(Provided material begins)

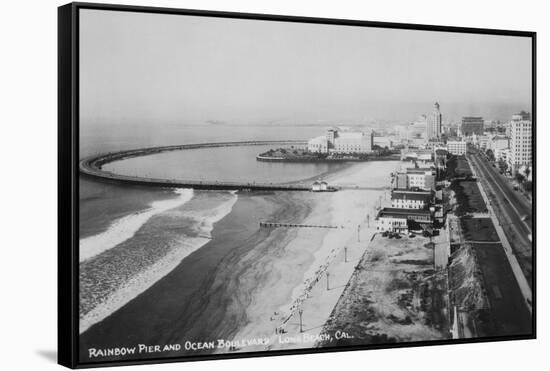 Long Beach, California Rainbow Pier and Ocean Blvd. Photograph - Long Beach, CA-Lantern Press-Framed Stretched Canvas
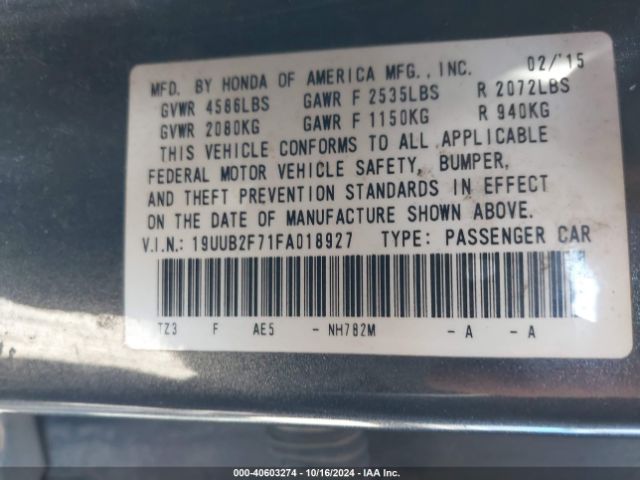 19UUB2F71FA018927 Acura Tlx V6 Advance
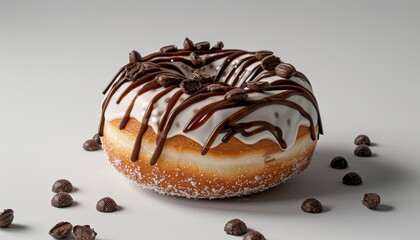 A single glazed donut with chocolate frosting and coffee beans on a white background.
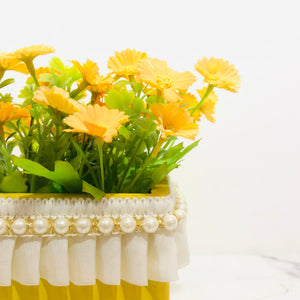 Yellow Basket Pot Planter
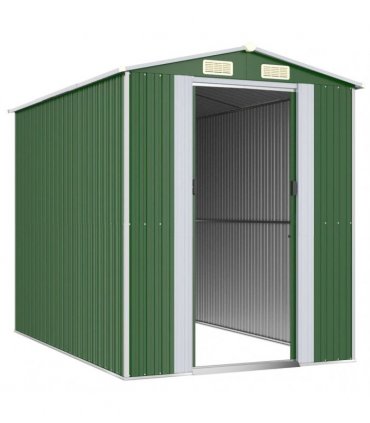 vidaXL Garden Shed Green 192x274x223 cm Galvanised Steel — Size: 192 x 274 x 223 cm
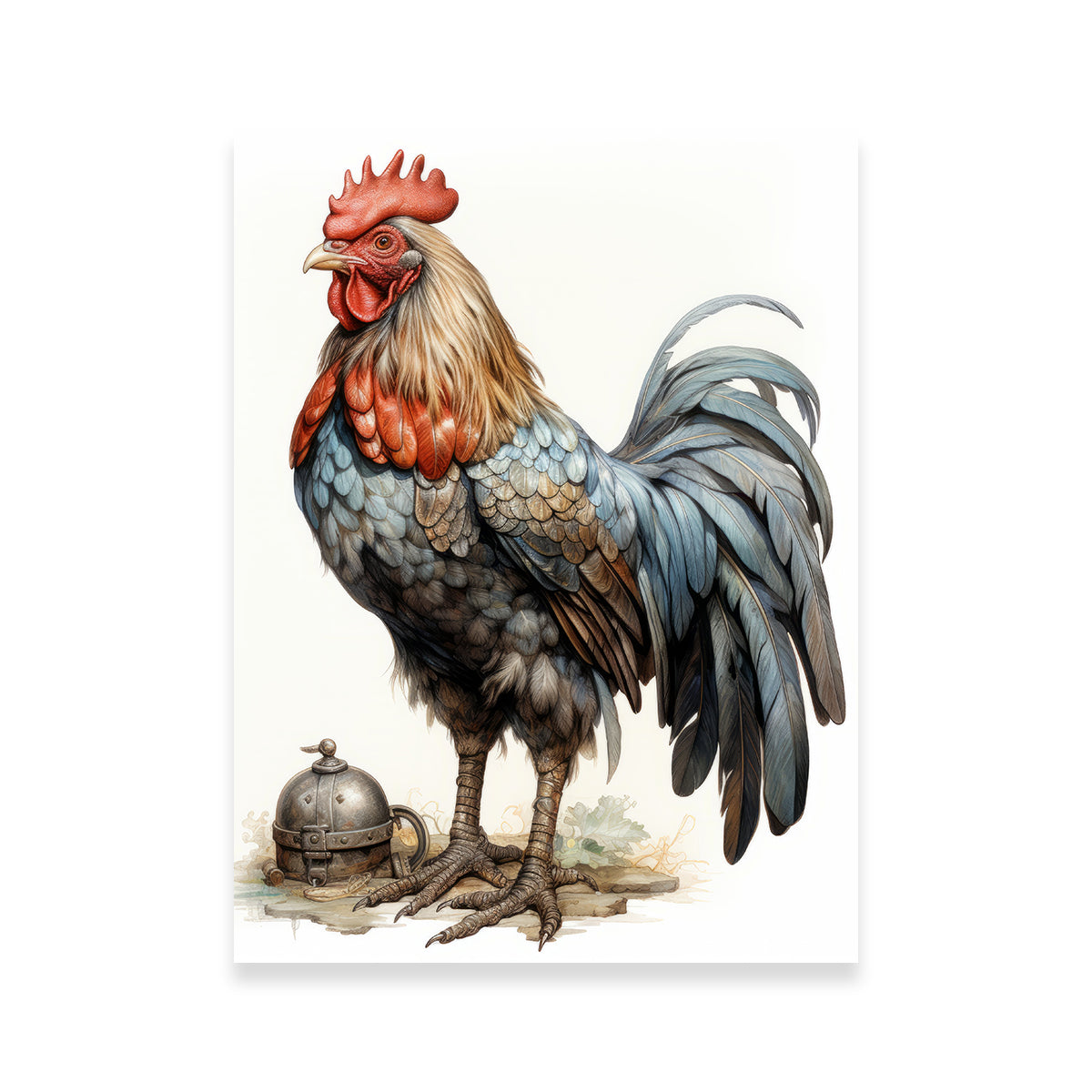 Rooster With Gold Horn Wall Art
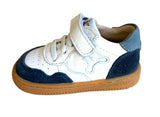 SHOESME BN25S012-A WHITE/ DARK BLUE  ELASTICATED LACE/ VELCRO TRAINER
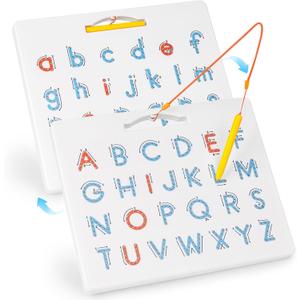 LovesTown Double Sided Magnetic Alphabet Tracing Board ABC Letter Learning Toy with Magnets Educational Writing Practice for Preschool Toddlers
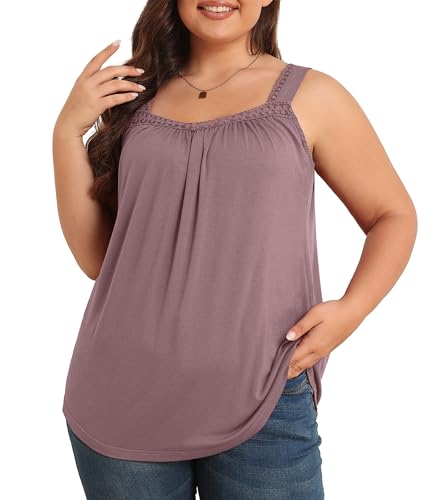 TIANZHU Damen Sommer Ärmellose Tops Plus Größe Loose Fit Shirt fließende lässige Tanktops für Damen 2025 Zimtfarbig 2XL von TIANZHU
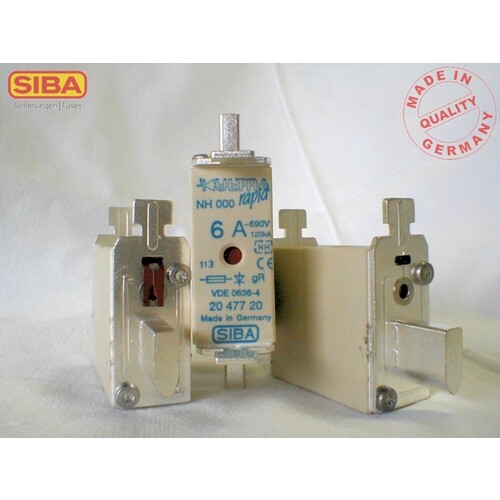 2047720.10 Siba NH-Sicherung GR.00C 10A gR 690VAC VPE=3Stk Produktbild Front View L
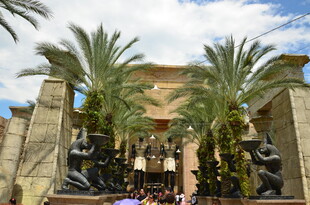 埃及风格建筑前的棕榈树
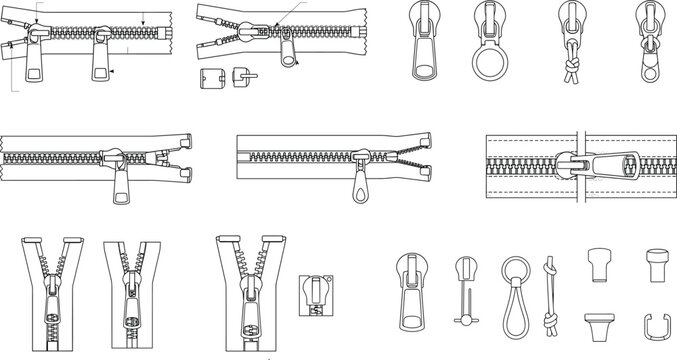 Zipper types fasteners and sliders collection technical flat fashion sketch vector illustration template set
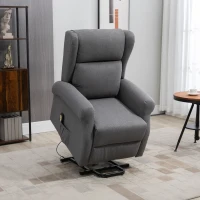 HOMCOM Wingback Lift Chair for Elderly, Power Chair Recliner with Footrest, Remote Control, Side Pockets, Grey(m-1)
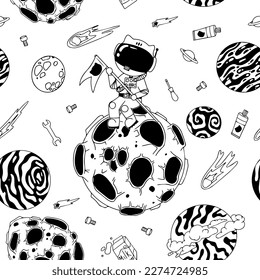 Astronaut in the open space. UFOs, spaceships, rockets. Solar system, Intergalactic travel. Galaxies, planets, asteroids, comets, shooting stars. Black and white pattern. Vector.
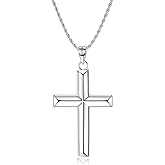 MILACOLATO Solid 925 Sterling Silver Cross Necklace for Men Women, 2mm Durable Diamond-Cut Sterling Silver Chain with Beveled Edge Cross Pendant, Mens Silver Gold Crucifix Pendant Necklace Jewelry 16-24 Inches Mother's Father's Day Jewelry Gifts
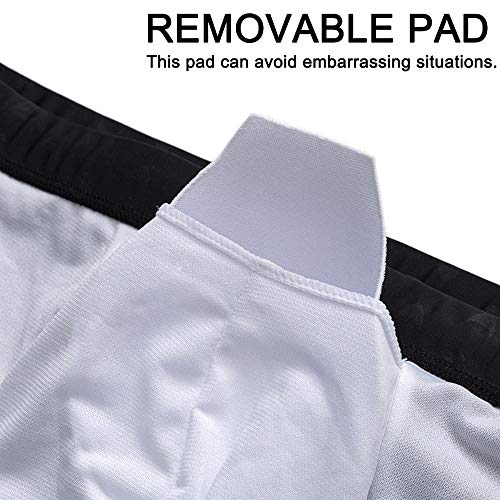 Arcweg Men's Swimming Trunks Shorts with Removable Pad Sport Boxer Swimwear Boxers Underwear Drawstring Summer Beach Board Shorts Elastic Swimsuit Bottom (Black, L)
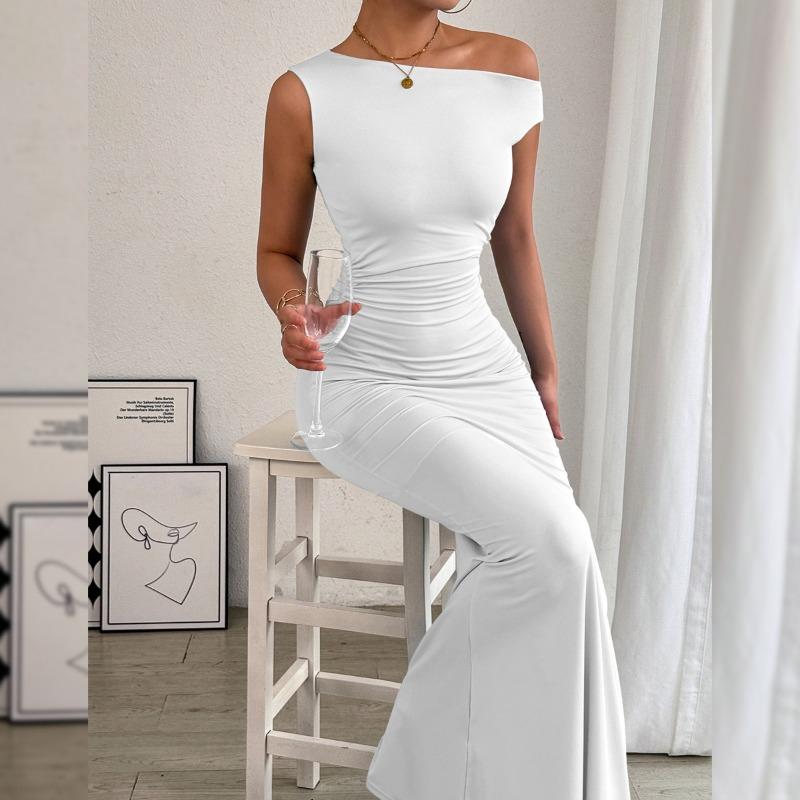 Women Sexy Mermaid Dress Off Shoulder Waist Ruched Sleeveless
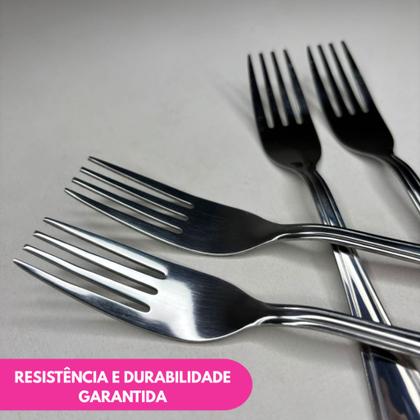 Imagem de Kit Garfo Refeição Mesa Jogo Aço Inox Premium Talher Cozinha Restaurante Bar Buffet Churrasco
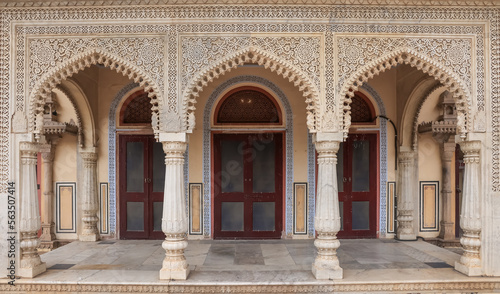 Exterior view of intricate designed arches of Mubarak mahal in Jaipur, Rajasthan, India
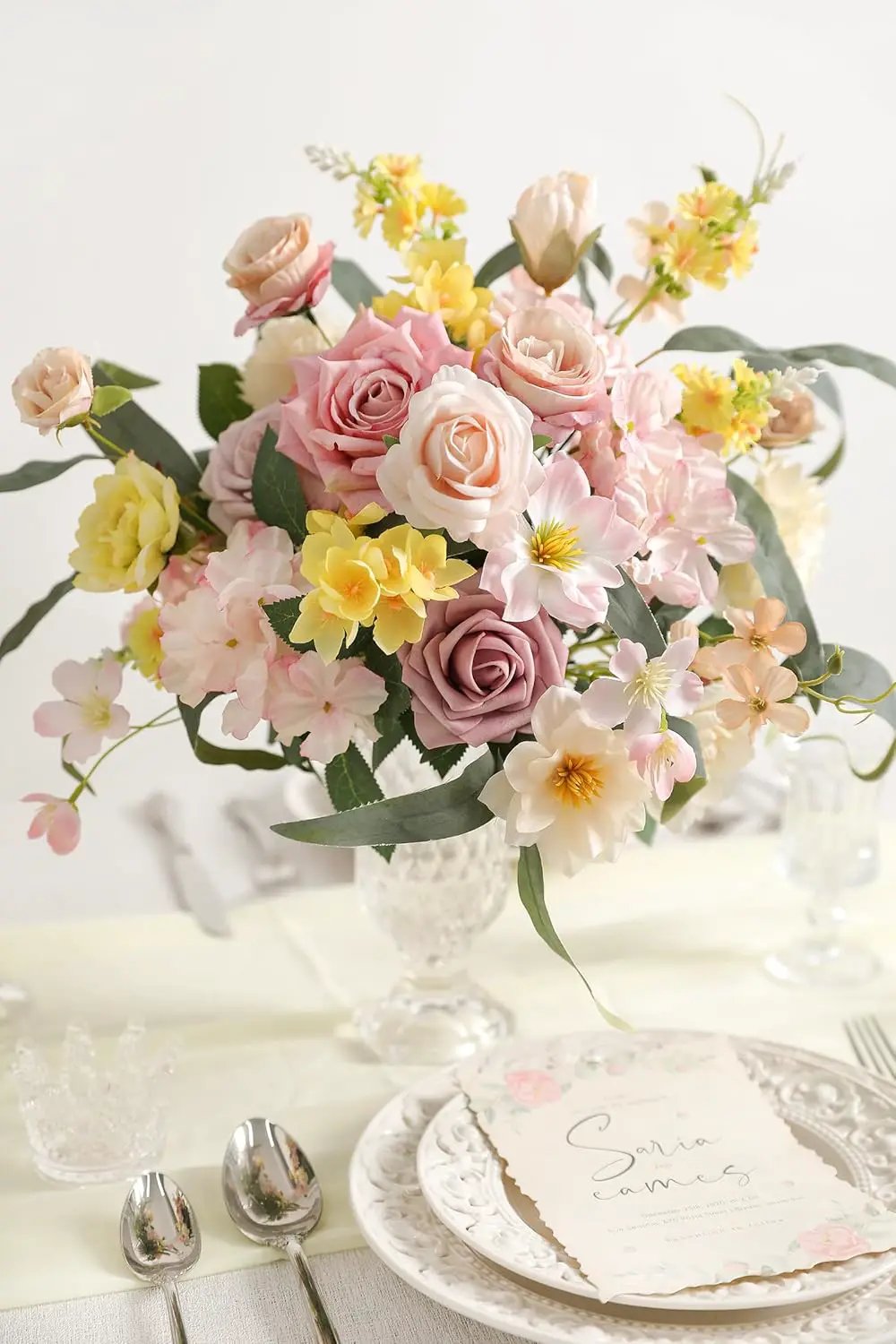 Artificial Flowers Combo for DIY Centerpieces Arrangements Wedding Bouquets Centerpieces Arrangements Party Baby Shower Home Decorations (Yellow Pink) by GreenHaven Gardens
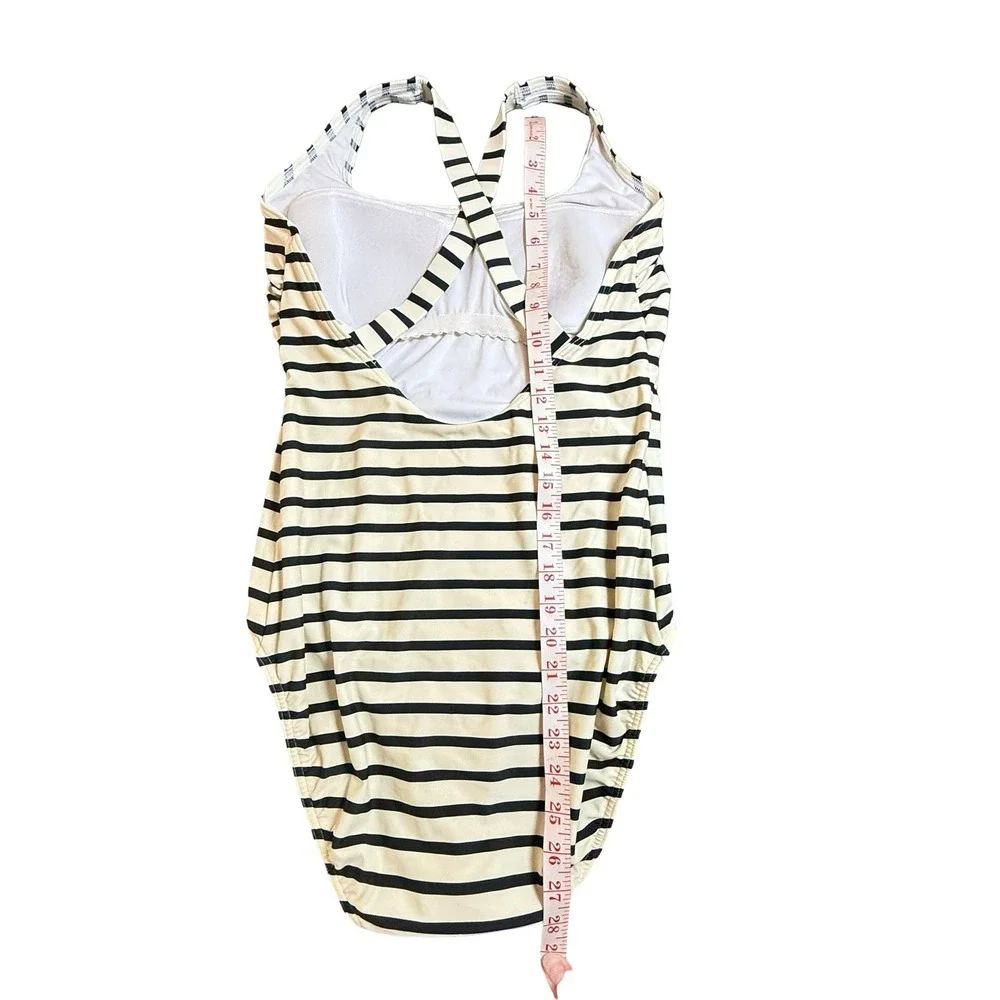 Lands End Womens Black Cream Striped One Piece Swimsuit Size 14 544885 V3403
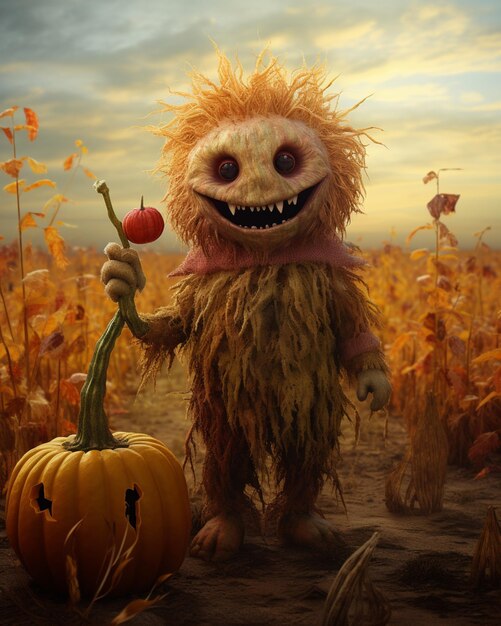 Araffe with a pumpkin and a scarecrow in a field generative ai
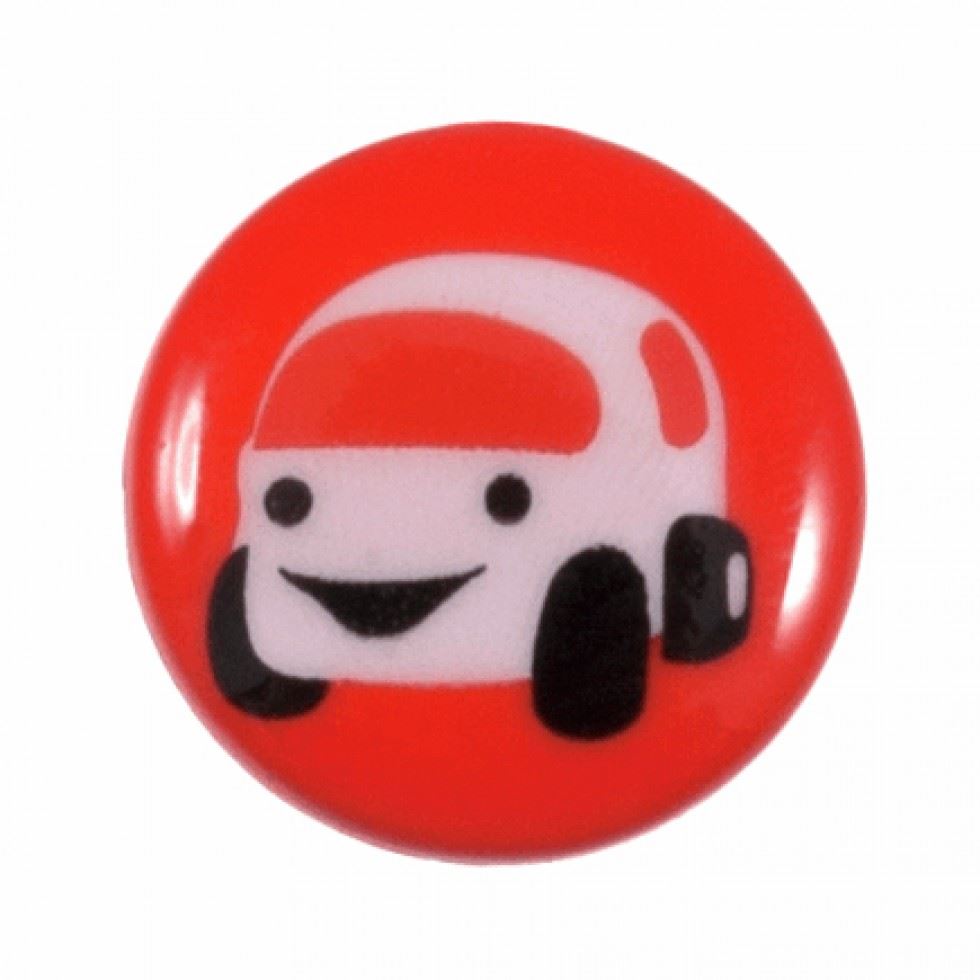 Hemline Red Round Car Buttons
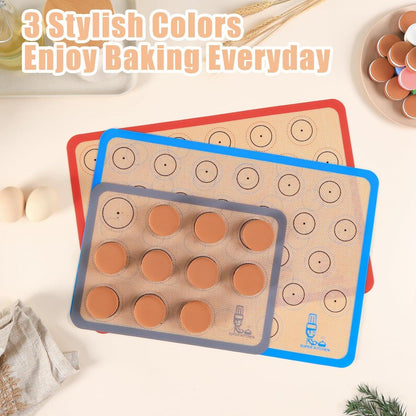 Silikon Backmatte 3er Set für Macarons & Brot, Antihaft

(Provided material ends)

## Aim of the task:
After locating "Yellow Basket Pot Planter" and "SHOESME BN25S012-A WHITE/" in the records above, return exactly the line holding each one and every line between them; leave out the pictures.

## Task result:
 Yellow Basket Pot Planter
 vidaXL Garden Shed Green 192x274x223 cm Galvanised Steel — Size: 192 x 274 x 223 cm
 Rooster With Gold Horn Wall Art
 SHOESME BN25S012-A WHITE/ DARK BLUE  ELASTICATED LACE/ VELCRO TRAINER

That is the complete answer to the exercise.